Gut, nun mag er einmal Rock’n’Roll gesungen haben, doch der Schlager brachte den Erfolg und Roy Black blieb deshalb beim Schlager. Das ist pragmatisch, opportunistisch, kaltschnäuzig, inkonsequent oder auch professionell und macht ihn damit zwar nicht zum Einzelfall, aber nichtsdestotrotz wenig sympathisch.
Einige seiner Fans scheint das erstaunlicherweise kaum zu stören. Dabei ist Geschäftstüchtigkeit nichts, was den Stars des Schlagergeschäfts zum Ruhm gereicht, sondern eine seiner Voraussetzungen, über die nicht gern gesprochen werden wird. Deutlich wird das an den Reaktionen angesichts des jüngsten „Skandals“ um die Kastelruther Spatzen, deren vermeintliches Vergehen darin liegt, Studiomusiker engagiert zu haben, die ordnungsgemäß ihre Credits bekamen. Umso erstaunlicher ist der offene Umgang mancher Bewunderer mit der glanzlosen Menschlichkeit Blacks.

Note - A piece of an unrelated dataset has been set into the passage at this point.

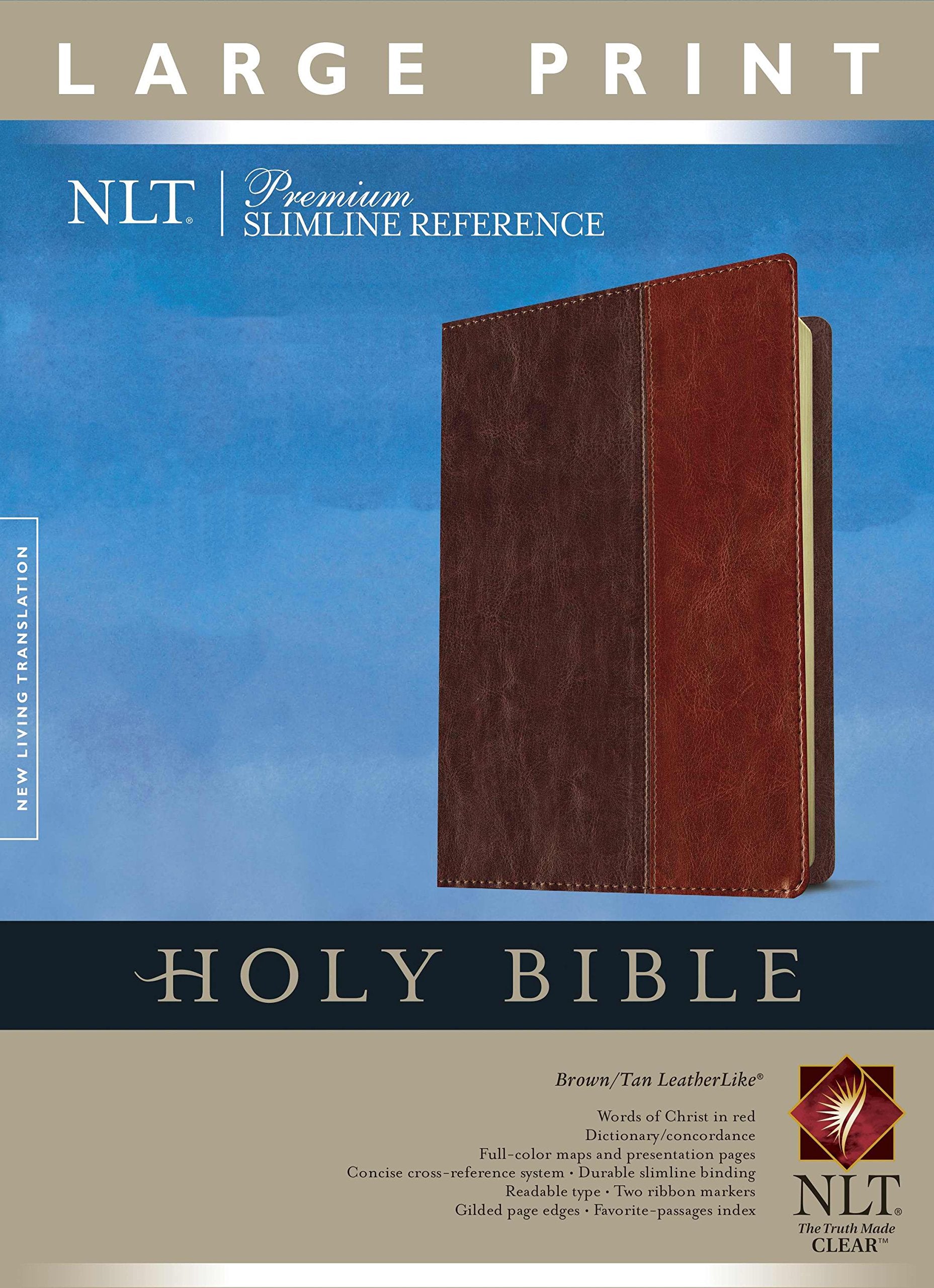 Premium Slimline Reference Bible NLT, Large Print, TuTone (Red Letter, LeatherLike, Brown/Tan)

So lässt sich auf „Die Roy Black Homepage“ lesen: „Roy wehrte sich vehement dagegen, eine Superschnulze, die auf die Gefühle des Hörers abgestimmt ist, aufzunehmen. Nach den Studioaufnahmen fuhr er schmollend zurück ins heimatliche Göggingen. (…) Persönlich gerät Roy Black in den Konflikt: Er kann sich, in einer Zeit des musikalischen Aufbruchs der Beatles und der Rolling Stones, nicht mit seiner Rolle als Softie und Schlagersänger abfinden. (…) Trotz der beruflichen Erfolge sucht er immer wieder Trost im Alkohol. (…) Roy Black hadert mit seinem Schicksal, auf Lebenszeit Schlagersänger zu sein und verliert zusehens den Spaß an seiner Rolle als „Roy Black“. Er widmet sich dem Alkohol. (…) Privat erkennt er immer mehr den Widerspruch in seinem Leben und flüchtet sich in Depressionen.“
Diese etwas ungelenke Darstellung (niemand flüchtet in Depressionen, man erkrankt an ihnen) hat wenig mit einer eher zu erwartenden Feststellung wie „Sein Bekenntnis zu Gefühlen, menschlicher Wärme und zum Guten im Leben ist zeitlos.“, zu finden in der Augsburger Allgemeinen, zu tun. Die „Roy Black Fanpage“ weiß außerdem zu berichten: „Wie viele andere Jungen hatte auch er einmal den Berufswunsch, Pfarrer oder Förster zu werden (…) Roy war überhaupt ein sehr naturverbundener Mensch, egal ob in sportlicher Hinsicht, oder in der Freizeit. (…) Er war aber auch jederzeit zu anderen Späßen bereit.“
Es scheint so, als seien sich die verbliebenen Fans nicht ganz einig, an welchen Roy Black sie sich erinnern möchten, einen verhinderten Rock’n’Roller, der sich geradezu aufopferungsvoll und gegen seinen Willen den Wünschen der Musikindustrie und seiner Fans unterwarf, dabei aber, hach! und herrje!, nie die Liebe erfuhr, die er schenkte, was zum ersten Zitat ja noch passen würde, oder einen charismatischen Sänger, einen Freund der Harmonie voller Liebe.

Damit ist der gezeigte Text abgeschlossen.